▸ **Items listed in a dataset**:

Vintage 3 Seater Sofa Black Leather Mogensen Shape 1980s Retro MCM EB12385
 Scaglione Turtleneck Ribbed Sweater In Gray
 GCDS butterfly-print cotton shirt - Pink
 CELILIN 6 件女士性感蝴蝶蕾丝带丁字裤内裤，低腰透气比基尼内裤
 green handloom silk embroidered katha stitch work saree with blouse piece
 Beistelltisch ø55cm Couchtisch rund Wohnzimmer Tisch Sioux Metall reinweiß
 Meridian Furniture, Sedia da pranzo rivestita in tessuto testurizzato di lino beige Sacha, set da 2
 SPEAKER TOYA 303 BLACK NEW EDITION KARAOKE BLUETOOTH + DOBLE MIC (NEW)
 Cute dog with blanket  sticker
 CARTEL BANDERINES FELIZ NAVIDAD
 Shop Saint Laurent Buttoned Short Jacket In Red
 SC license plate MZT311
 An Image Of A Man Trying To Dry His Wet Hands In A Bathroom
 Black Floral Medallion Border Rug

▸ **PROBLEM TO SOLVE**: With the line containing "SC license plate MZT311" as the first, output each line through the final line of the entries above, exactly.

▸ **RESULT**:
 SC license plate MZT311
 An Image Of A Man Trying To Dry His Wet Hands In A Bathroom
 Black Floral Medallion Border Rug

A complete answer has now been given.